== DIRECTIONS ==
Write out the data again in full, keeping every character the same.

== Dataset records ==
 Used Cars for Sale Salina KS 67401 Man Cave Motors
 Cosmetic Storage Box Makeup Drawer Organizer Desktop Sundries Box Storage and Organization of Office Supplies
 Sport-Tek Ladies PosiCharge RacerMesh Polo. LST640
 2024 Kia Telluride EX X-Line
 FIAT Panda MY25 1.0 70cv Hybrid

== ANSWER TO THIS EXERCISE ==
 Used Cars for Sale Salina KS 67401 Man Cave Motors
 Cosmetic Storage Box Makeup Drawer Organizer Desktop Sundries Box Storage and Organization of Office Supplies
 Sport-Tek Ladies PosiCharge RacerMesh Polo. LST640
 2024 Kia Telluride EX X-Line
 FIAT Panda MY25 1.0 70cv Hybrid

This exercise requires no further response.